[Freeipa-devel] [PATCH] 0012 Modify existing SSSD configuration instead of dropping it
Alexander Bokovoy
abokovoy at redhat.com
Wed Oct 12 16:24:08 UTC 2011
On Tue, 13 Sep 2011, Stephen Gallagher wrote:
> On Tue, 2011-09-13 at 16:33 +0300, Alexander Bokovoy wrote:
> > On Tue, 13 Sep 2011, Stephen Gallagher wrote:
> > > > > File "/usr/lib/python2.7/site-packages/SSSDConfig.py", line 1207, in import_config
> > > > > fd = open(configfile, 'r')
> > > > > IOError: [Errno 2] No such file or directory: '/etc/sssd/sssd.conf'
> > > > Right, we need to fallback to new sssd.conf in case of any exception,
> > > > not only for ParsingError.
> > > Actually, that's not necessarily true. Do we want to fall back on
> > > permission error, for instance? This could result in clobbering an
> > > existing file (if for example the existing sssd.conf's SELinux context
> > > is wrong, preventing reading, but when we create a new one and save it
> > > in place later we have the right context and it replaces the old one).

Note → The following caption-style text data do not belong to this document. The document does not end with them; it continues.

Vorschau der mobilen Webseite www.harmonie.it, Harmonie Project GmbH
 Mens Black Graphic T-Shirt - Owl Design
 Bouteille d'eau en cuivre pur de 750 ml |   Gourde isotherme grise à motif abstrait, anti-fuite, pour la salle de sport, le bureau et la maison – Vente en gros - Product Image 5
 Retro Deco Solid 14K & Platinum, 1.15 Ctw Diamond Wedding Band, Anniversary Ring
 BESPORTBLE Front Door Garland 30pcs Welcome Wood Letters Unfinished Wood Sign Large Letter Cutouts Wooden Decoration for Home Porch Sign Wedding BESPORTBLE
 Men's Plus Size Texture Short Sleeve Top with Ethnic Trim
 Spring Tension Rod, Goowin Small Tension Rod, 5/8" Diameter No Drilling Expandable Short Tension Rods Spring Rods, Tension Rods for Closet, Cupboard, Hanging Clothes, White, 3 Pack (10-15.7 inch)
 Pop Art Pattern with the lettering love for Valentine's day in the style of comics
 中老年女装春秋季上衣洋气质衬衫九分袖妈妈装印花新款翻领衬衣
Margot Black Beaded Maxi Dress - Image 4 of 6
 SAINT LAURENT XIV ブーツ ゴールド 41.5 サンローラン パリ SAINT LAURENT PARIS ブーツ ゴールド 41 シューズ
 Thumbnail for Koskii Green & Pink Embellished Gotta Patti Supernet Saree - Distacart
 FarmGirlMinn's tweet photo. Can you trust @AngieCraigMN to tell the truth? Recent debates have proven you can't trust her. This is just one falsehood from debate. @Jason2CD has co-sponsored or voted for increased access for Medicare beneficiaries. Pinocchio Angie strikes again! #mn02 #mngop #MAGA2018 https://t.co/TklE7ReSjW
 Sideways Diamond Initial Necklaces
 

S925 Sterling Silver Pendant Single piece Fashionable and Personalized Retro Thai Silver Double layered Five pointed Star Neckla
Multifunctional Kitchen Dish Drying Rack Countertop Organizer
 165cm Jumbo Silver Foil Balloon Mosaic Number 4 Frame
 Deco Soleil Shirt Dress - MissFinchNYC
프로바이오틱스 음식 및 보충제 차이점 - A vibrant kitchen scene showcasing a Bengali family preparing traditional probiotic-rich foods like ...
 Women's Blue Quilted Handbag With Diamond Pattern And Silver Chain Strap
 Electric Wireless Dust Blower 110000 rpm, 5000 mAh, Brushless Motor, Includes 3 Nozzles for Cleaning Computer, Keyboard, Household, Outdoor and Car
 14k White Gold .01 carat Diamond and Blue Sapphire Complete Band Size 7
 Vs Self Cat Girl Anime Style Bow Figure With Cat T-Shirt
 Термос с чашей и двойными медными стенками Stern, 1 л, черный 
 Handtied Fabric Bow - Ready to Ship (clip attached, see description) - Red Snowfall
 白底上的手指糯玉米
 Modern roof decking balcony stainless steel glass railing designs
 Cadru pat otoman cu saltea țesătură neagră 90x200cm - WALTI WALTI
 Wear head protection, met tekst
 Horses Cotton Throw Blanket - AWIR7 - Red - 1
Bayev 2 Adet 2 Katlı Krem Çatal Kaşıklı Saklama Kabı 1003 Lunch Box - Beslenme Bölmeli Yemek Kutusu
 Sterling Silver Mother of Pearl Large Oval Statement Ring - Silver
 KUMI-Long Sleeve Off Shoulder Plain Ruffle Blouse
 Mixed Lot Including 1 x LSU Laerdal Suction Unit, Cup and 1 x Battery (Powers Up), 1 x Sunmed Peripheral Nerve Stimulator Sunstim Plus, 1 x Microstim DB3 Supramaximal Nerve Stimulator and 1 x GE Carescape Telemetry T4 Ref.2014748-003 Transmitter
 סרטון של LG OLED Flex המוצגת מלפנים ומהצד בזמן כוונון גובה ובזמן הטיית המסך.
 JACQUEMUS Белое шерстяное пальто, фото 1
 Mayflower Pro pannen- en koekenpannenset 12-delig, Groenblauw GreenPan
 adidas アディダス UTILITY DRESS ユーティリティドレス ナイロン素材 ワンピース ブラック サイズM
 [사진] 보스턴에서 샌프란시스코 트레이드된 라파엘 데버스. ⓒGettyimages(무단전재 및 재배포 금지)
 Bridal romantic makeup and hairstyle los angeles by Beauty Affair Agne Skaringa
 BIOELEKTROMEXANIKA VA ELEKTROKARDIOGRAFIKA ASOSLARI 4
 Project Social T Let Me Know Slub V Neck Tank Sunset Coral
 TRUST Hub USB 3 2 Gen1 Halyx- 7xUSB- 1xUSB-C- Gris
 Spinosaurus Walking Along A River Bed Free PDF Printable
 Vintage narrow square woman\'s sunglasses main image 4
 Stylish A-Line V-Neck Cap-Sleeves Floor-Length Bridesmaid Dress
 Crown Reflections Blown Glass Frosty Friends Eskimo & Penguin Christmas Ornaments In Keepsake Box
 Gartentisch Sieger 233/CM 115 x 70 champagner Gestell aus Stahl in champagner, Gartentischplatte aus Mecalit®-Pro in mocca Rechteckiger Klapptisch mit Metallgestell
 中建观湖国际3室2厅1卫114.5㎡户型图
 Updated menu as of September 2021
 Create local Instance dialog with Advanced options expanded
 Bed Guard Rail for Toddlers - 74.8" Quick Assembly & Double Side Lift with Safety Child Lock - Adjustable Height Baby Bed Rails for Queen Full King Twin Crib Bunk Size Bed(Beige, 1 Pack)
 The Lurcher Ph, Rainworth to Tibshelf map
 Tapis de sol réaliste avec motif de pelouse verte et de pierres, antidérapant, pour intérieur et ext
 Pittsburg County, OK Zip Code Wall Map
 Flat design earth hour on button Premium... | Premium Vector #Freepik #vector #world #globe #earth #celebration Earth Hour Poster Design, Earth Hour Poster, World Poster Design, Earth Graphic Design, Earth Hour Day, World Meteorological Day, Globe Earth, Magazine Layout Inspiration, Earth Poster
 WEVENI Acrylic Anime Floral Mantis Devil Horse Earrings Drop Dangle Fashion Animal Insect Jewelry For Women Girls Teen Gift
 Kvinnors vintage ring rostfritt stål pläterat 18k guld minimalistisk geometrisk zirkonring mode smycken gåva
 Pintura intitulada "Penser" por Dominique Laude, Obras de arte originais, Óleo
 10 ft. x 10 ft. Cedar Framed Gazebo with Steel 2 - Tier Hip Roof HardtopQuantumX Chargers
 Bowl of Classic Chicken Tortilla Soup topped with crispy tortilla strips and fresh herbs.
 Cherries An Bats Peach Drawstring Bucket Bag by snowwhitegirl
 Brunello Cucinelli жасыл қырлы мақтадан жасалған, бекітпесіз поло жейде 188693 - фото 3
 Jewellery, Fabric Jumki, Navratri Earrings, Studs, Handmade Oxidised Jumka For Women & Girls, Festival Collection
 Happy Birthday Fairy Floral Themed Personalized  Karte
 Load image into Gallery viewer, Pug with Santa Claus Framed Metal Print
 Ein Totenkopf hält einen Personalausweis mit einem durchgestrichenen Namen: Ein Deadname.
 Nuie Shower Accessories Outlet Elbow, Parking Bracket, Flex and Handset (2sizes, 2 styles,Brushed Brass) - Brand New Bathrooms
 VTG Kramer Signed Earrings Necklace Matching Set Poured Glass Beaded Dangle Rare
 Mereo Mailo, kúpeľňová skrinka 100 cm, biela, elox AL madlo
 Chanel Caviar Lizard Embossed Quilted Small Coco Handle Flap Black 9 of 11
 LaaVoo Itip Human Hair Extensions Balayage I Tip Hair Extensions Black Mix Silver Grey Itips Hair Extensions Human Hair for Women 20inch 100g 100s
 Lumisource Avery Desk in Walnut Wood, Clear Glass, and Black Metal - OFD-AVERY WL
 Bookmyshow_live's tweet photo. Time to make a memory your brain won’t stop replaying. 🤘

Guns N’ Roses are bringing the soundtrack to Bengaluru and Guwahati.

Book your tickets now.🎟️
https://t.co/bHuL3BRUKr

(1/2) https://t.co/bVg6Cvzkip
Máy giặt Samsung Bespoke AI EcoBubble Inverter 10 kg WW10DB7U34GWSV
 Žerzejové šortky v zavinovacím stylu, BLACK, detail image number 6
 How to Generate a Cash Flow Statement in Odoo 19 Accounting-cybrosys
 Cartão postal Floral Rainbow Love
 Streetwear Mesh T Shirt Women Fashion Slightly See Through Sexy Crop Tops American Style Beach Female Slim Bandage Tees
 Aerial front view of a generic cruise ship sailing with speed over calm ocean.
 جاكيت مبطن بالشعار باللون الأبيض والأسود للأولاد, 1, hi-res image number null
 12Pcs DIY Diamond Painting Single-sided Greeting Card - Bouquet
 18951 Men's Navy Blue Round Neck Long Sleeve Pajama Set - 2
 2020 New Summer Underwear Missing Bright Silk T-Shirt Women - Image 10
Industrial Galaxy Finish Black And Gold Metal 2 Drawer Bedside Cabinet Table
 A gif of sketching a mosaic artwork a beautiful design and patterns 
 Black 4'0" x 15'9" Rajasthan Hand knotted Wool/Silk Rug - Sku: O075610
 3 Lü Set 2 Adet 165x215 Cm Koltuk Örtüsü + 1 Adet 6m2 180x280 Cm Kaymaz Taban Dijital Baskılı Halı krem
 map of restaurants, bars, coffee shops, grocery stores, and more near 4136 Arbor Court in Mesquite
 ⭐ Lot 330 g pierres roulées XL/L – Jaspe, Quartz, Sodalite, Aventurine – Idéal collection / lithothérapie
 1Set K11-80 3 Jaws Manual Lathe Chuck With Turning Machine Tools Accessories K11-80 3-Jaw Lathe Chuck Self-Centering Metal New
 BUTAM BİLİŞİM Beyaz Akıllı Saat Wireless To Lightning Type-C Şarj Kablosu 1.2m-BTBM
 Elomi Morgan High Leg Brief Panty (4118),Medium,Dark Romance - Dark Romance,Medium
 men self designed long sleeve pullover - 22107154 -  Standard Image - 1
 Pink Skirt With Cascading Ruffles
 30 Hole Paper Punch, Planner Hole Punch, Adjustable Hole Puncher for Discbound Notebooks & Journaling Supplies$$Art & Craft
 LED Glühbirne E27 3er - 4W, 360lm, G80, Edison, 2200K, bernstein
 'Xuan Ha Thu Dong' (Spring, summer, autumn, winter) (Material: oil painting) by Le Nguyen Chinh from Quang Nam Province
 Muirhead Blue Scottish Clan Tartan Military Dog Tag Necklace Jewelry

> > Let's define what we want to see here.
> >
> > 1. There is no sssd.conf -> create new one (unlikely for existing SSSD
> > installation -- if we went to this path, we already found SSSD
> > installed)
>
> Actually, this is fairly likely in future releases. There's so much
> noise in the example configuration that I've decided that we're going to
> install it as %doc instead of %config. So a raw installation of the SSSD
> package will have no sssd.conf in place. We obviously need to consider
> this.
>
> > 2. There is sssd.conf -> modify existing one
> > 2.1. Can't open for write -> report error
>
> Agreed.
>
> > 2.2. Can't open and read due to parsing error -> create new one
> > ...
>
> There are two issues here. Failure to open for reading and ParseError on
> read. That said, I think they should be handled the same way (see
> below).
>
>
> Unfortunately, we have additional issues here... The SSSDConfig API is
> more strict with options than the SSSD itself is. Specifically, the SSSD
> will ignore unknown options entirely, but the SSSDConfig will through a
> ParseError on unknown options.
>
> The long-term goal is for SSSD to be more strict about this, but we
> don't currently have a way to do this.
>
> So as I see it, we have three choices for dealing with ParseError:
>
> 1) Back up the existing sssd.conf and replace it with a completely new
> one for FreeIPA. Pros: sssd.conf is guaranteed to parse cleanly. FreeIPA
> client install completes successfully. Cons: existing configuration
> (which may have worked) is not preserved.
>
> 2) Be restrictive on ParseError and throw an error telling them to fix
> their config file. Pros: we don't break an existing setup. Cons: FreeIPA
> installation has been broken.
>
> 3) Default to one of the above but provide a command-line flag to behave
> the other way. This is probably our best bet. I'd suggest defaulting to
> replacing the config file on ParseError (with a loud message at the END
> of ipa-client-install pointing to the backed-up file).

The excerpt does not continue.